### Prompt
Word for word, restate every record, though not the pictures.
┄┄┄┄┄┄
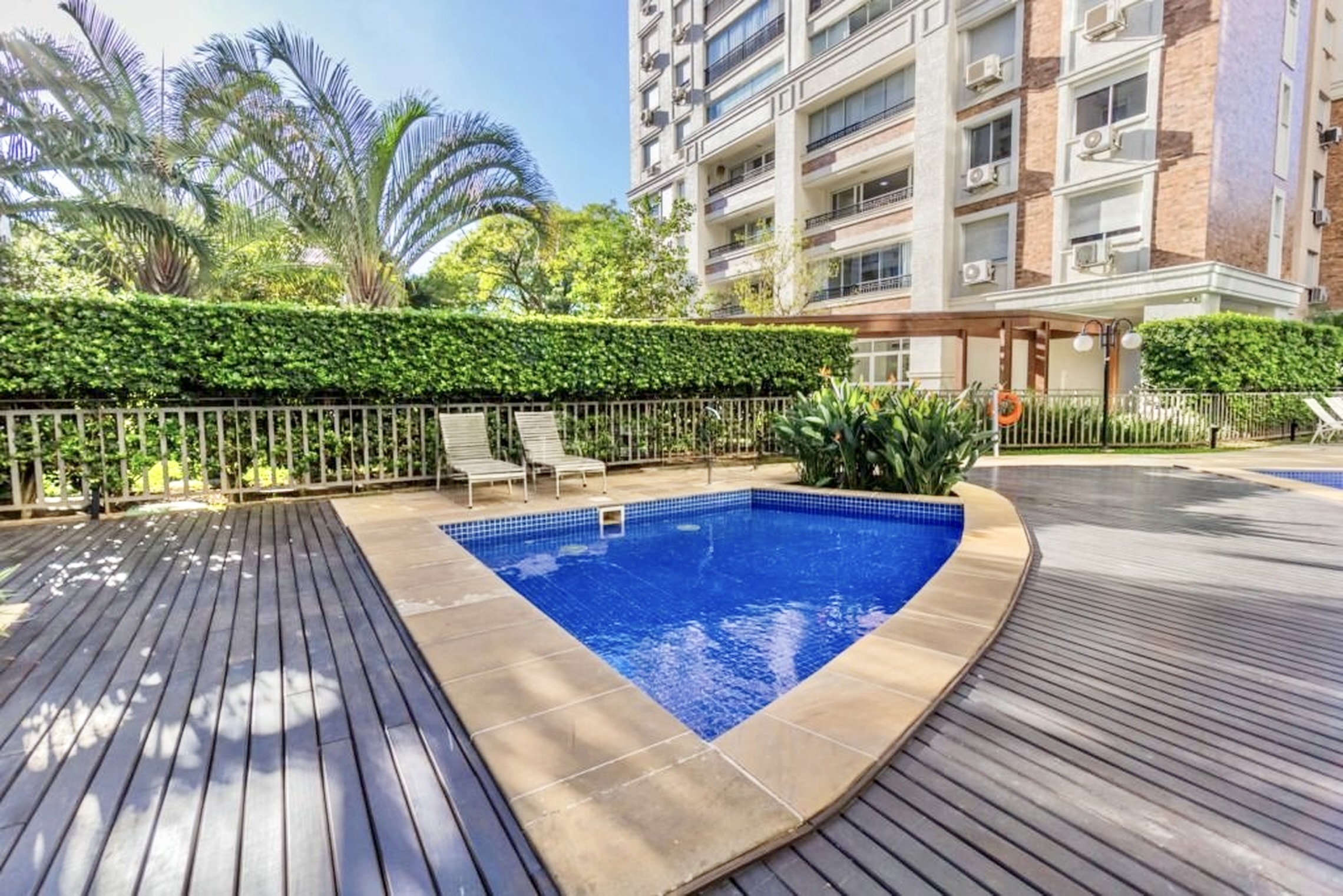 R$ 635.000 - JARDINS NOVO HIGIEN&Oacute;POLIS - APARTAMENTO - 68M2 - 2 DORM - INFRA - 1 VAGA Rua Jari Porto Alegre - 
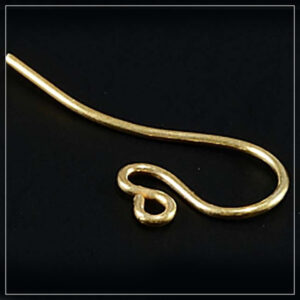 ørekrog ss fg øje m.øje 0,90mm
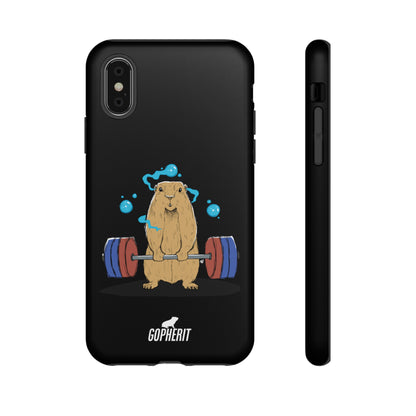 Power - Phone Case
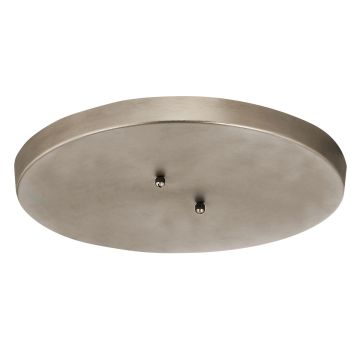 Kichler Ceiling Pan KL-CEILING-PAN-3C-AP Rozeta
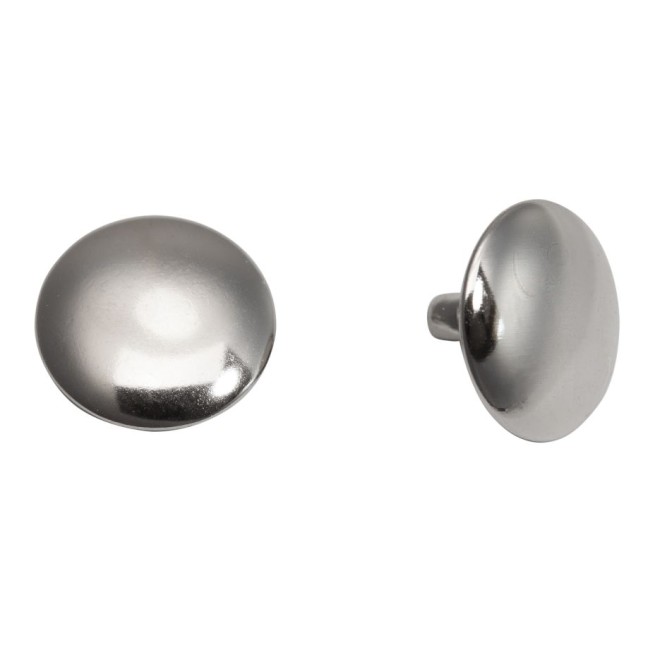 Хольнитен НИКЕЛЬ 15х8 мм двусторонний 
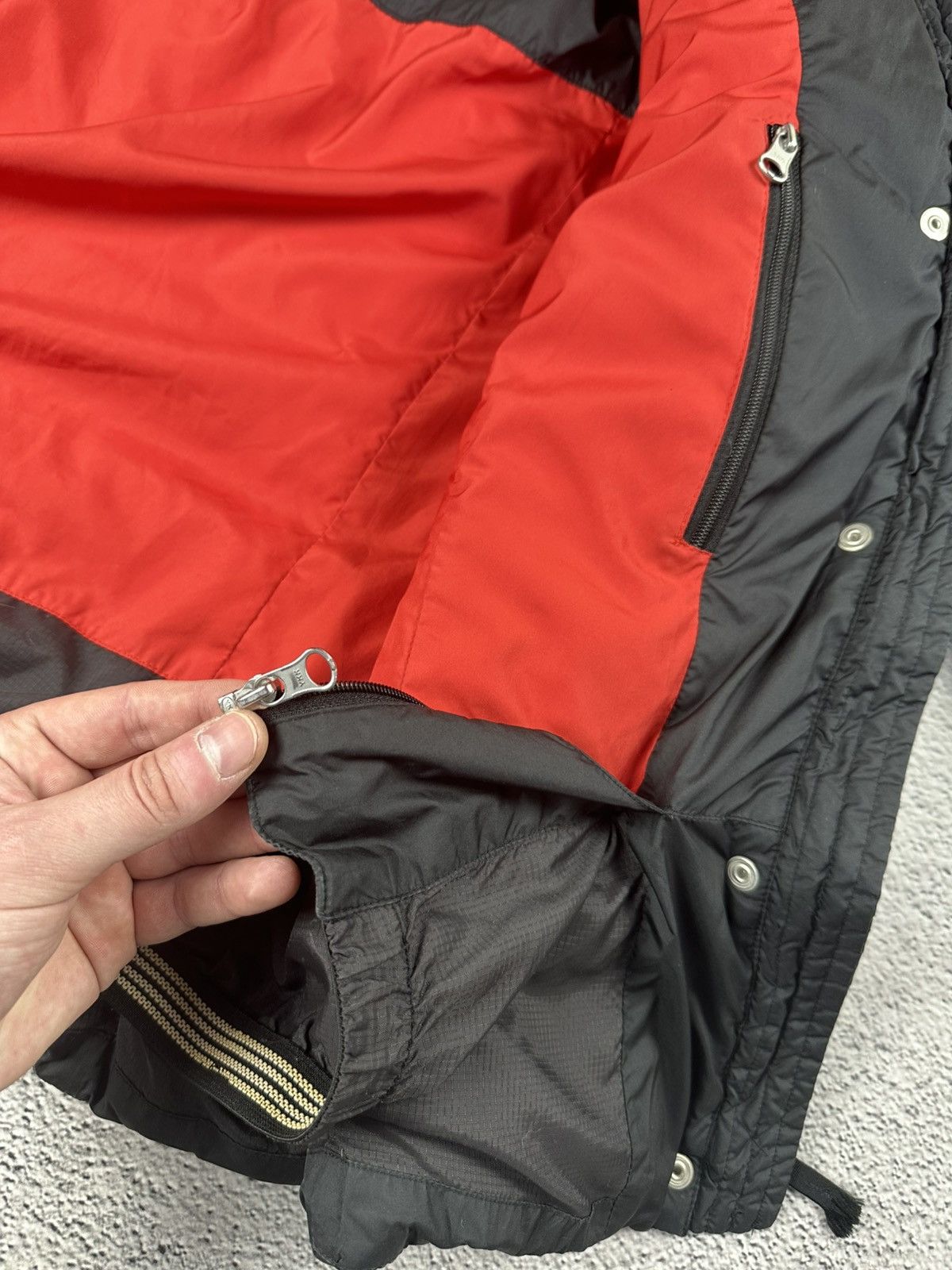 Bogner Vintage Bogner Ski Jacket Down Puffer Jacket Y2K Style Size S / US 4 / IT 40 - 23 Thumbnail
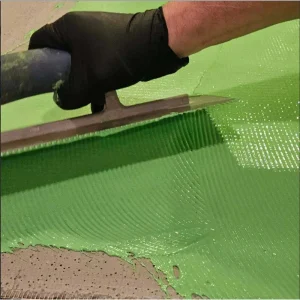 Laticrete Hydro Ban 1 Waterproofing Membrane | 1 Gallon - view 3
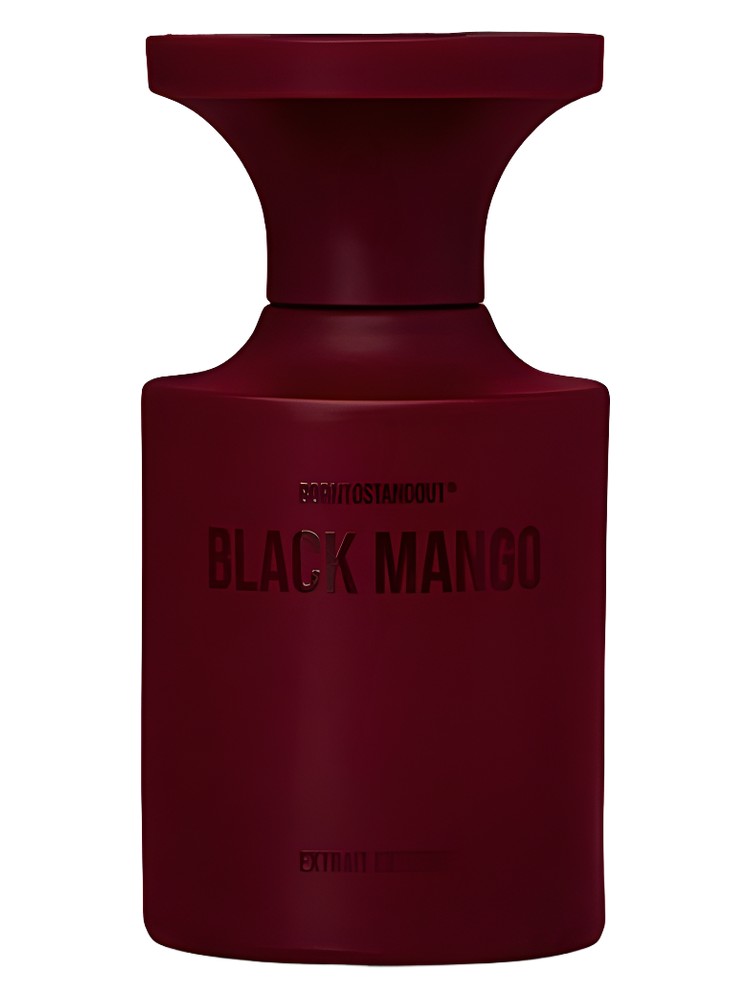 Black Mango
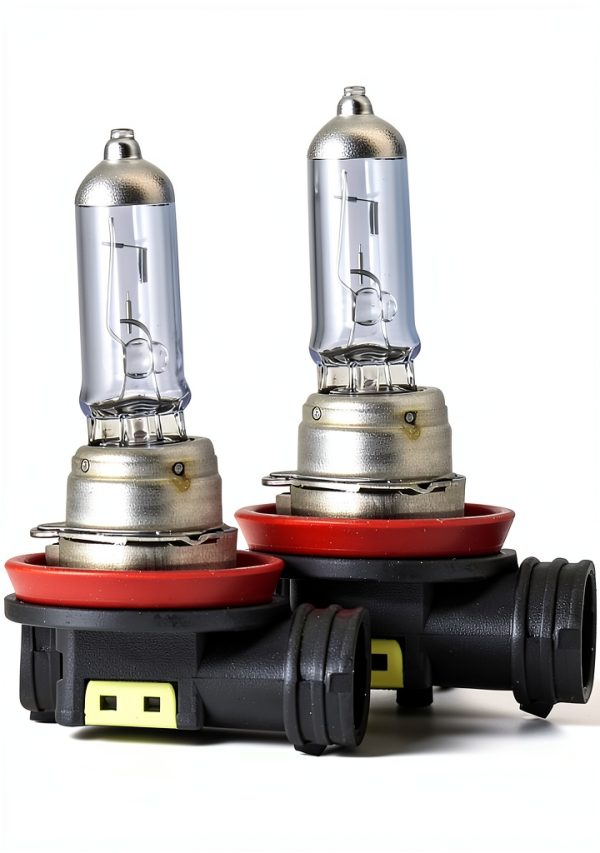 PIAA Xtreme White Hybrid Headlight Bulb 12V-1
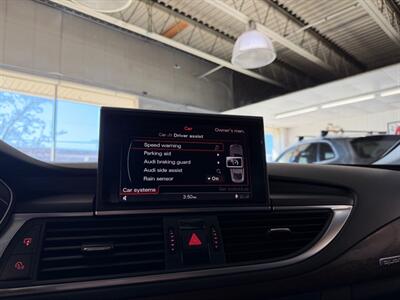 2013 Audi A7 3.0T quattro Prestige   - Photo 26 - Grand Rapids, MI 49548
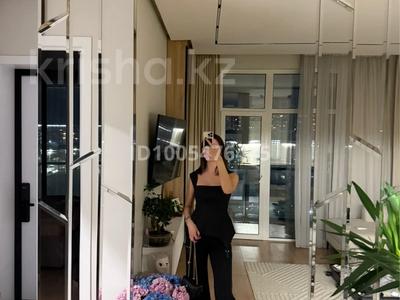 Аренда квартир в Астане: 2-комнатная квартира · 48 м² · 8/9 этаж, Туран 43А за 450 000 〒 2-комнатная квартира · 48 м² · 8/9 этаж, Туран 43А за 450 000 〒 в Астане, Нура р-н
┄┄┄┄┄┄
### Result for this exercise
 R$ 635.000 - JARDINS NOVO HIGIEN&Oacute;POLIS - APARTAMENTO - 68M2 - 2 DORM - INFRA - 1 VAGA Rua Jari Porto Alegre - 
 ørekrog ss fg øje m.øje 0,90mm
 Power - Phone Case
 Kichler Ceiling Pan KL-CEILING-PAN-3C-AP Rozeta
 Хольнитен НИКЕЛЬ 15х8 мм двусторонний 
 Bogner Vintage Bogner Ski Jacket Down Puffer Jacket Y2K Style Size S / US 4 / IT 40 - 23 Thumbnail
 Laticrete Hydro Ban 1 Waterproofing Membrane | 1 Gallon - view 3
 Black Mango
 PIAA Xtreme White Hybrid Headlight Bulb 12V-1
 2013 Audi A7 3.0T quattro Prestige   - Photo 26 - Grand Rapids, MI 49548
 Аренда квартир в Астане: 2-комнатная квартира · 48 м² · 8/9 этаж, Туран 43А за 450 000 〒 2-комнатная квартира · 48 м² · 8/9 этаж, Туран 43А за 450 000 〒 в Астане, Нура р-н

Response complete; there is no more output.